Les enseignants japonais posent un
problème plutôt stimulant lors du début
de la leçon. Ils encouragent les élèves
à présenter leurs propres idées pour
contribuer à une solution. Lors de la leçon,
l'enseignant demande aux élèves de faire
"hanashi-ai" en petits groupes, ou en classe entière.
Parce que le problème est difficile, les
élèves formulent souvent des conjectures et
des idées fausses, et font des erreurs dans des
procédures. Comme le problème est
laissé ouvert, les enfants peuvent aussi produire
plusieurs solutions différentes. L'enseignant les
encourage à comparer leurs idées et solutions,
à cette occasion des contre-exemples peuvent
être trouvés et des contre-arguments peuvent
être apparaître. L'enseignant utilise à
dessein de telles opportunités pour stimuler la
réflexion des enfants. La discipline (ou morale)
traditionnelle japonaise met un accent très fort sur
la réflexion ("hansei") sur les erreurs faites par
soi-même et sur l'appréciation des
contributions des autres, elle encourage ainsi la
coopération entre les enfants (cf.

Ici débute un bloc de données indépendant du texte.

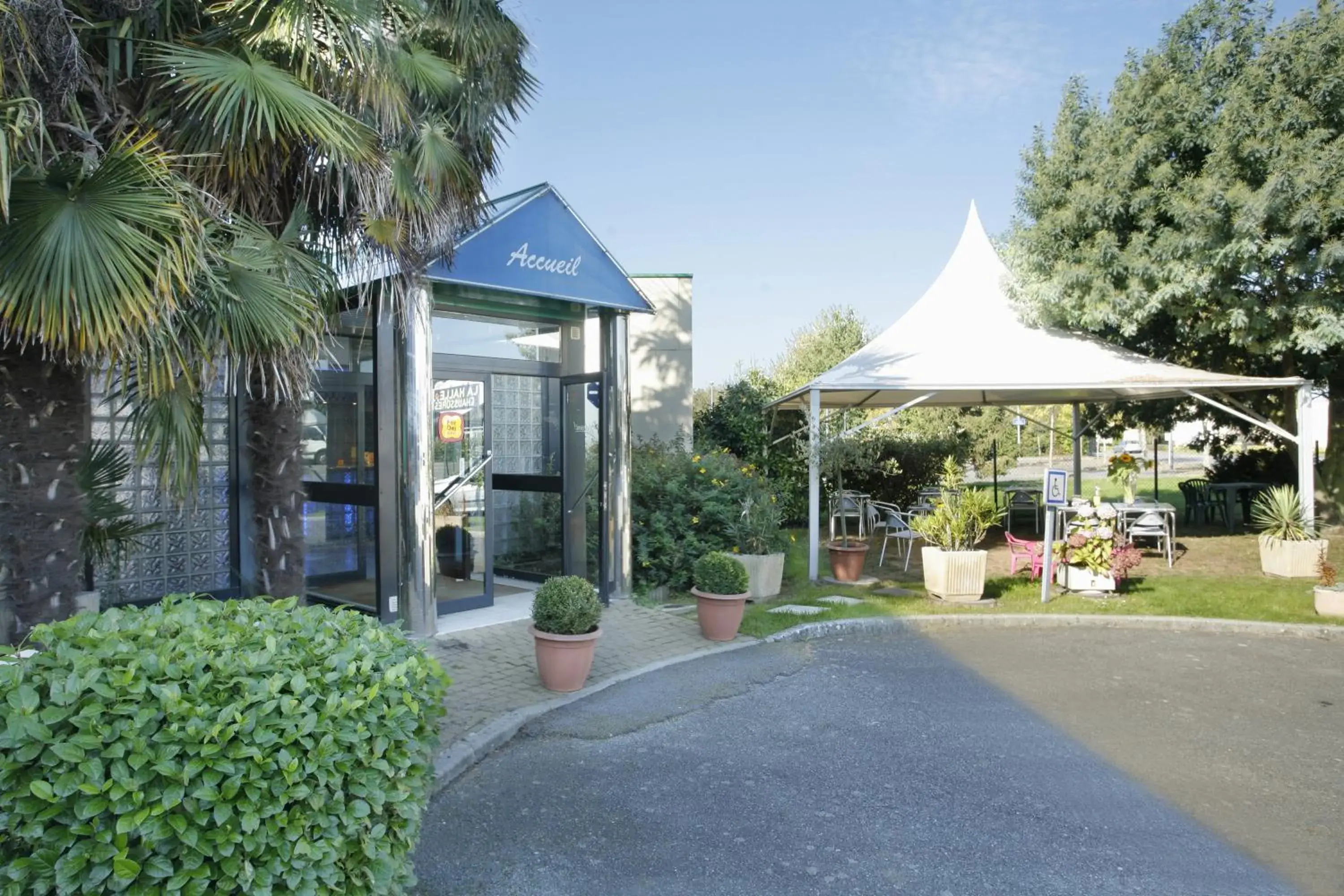 Property building in The Originals Access, Hotel Rennes Ouest (P'tit Dej-Hotel) Property building in The Originals Access, Hotel Rennes Ouest (P'tit Dej-Hotel)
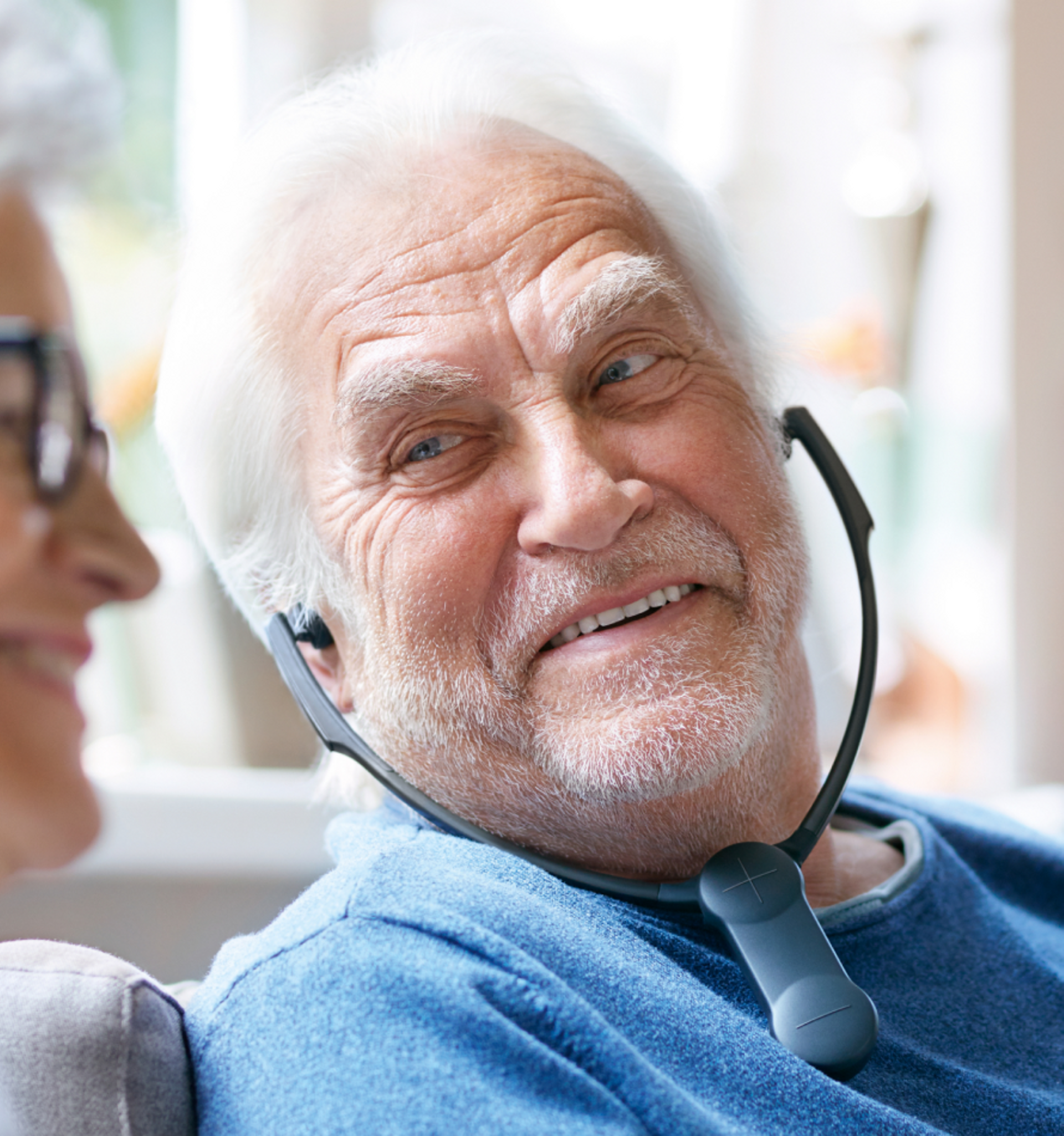 man with sennheiser headphones Set 860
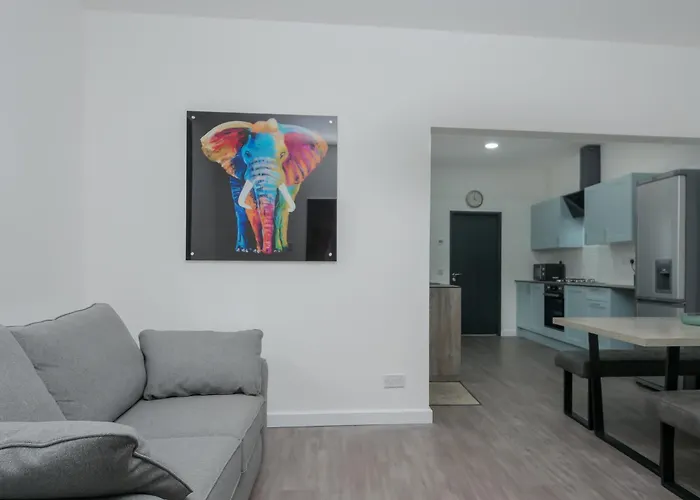 Apex Living Ne - Carnegie House 4 Bed House, Free Parking Free Wifi
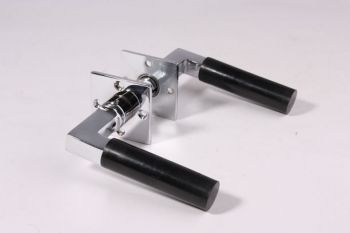 Deze deurklink is gemaakt naar het originele model ontworpen door Walter Gropius in 1923. De deurklink heeft een lengte van 110mm en een diamater (handvat) van 21mm.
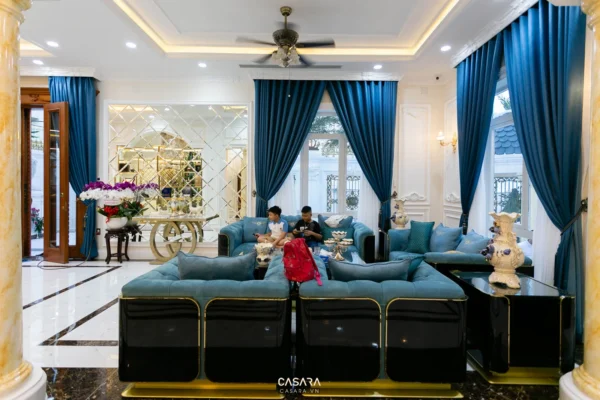 Phòng khách sang trọng với nội thất màu xanh, đen và trắng.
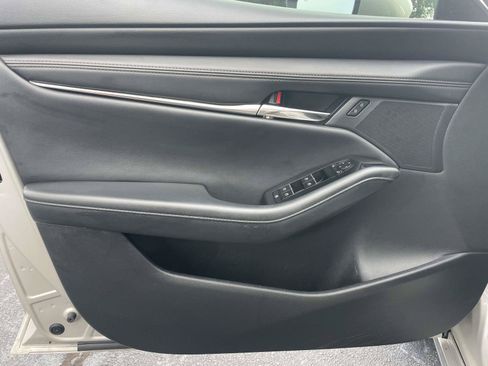 Used 2023 MAZDA MAZDA3 s FWD image 14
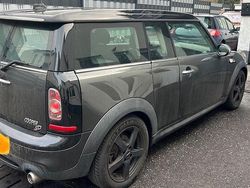 Grau Gebraucht 2013 Mini Cooper SD Clubman Sport Kombi | 3.799 €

Lewis, 1995). Bien
que "hanashi-ai" puisse conclure sur quelle solution est
meilleure, correcte, efficace, élégante, ou
avoir d'autres qualités encore, la compétition
entre les enfants est en général
découragée. Ainsi, en principe, il n'y a ni
gagnant, ni perdant dans "hanashi-ai", contrairement au
style de l'argumentation occidental.
Les leçons de mathématiques dans
les écoles japonaises mettent l'accent sur le
"wakaru" (compréhension) des idées
mathématiques. Mémoriser des formules ou
développer la dextérité, ne sont pas
considérés comme des thèmes centraux de
l'apprentissage. Dans les mathématiques scolaires,
nous insistons sur l'importance qu'il y a à poser la
question du "pourquoi " dans la réfexion : les
questions "pourquoi ?" encouragent l'interrogation sur les
origines" (causes, prémisses fondamentales) des
phénomènes étudiés et la
description d'un chemin (causal ou logique), "sujimichi",
qui conduise des origines au phénomène.
Répondre à la question "pourquoi ?" est
appelé "wake" ou "riyu" (raisons). Les
activités pour trouver et expliquer "wake" ou "riyu"
sont considérées comme essentielles pour
l'apprentissage de la démonstration au Japon.
Démonstration est traduit par "shoumei"
en japonais. Au secondaire (junior hight school), expliquer
"wake" ou "riyu" est souvent traduit par "setsumei". Les
activités pour "setsumei" sont habituellement
conduites avant l'introduction du concept de
démonstration, "shoumei". Les termes "wake", "riyu"
et "setsumei" sont communément utilisés par
les élèves dans leur vie quotidienne. Par
contraste, le terme "shoumei" apparaît rarement dans
le vie quotidienne ; aussi doit-il être explicitement
introduit et enseigné à l'école. Dans
les écoles japonaises, le terme "shoumei" est d'abord
introduit en mathématiques, au cours de leçons
de géométrie, en huitième année
de la scolarité. Au cours d'une leçon,
"shoumei" d'un assertion mathématique et
habituellement défini soit comme l'acte de montrer
logiquement que l'assertion est vraie, soit comme le produit
de cet acte sous la forme d'un texte écrit. Enfin,
"shoumei" est conçu comme un type particulier de
"setsumei", caractéristique des
mathématiques.
L'enseignement de la démonstration a
été traditionnellement pensé dans le
cadre du "modèle collectif", mentionné plus
haut, de la communication japonaise. "Shoumei" doit
dériver l'assertion énoncée des
prémisses acceptées ; cela correspond à
l'idée de "suivre les obligations sociales de la
communauté". Ainsi, le "modèle collectif" de
la communication publique japonaise semble être bien
adapté au processus d'expression des preuves.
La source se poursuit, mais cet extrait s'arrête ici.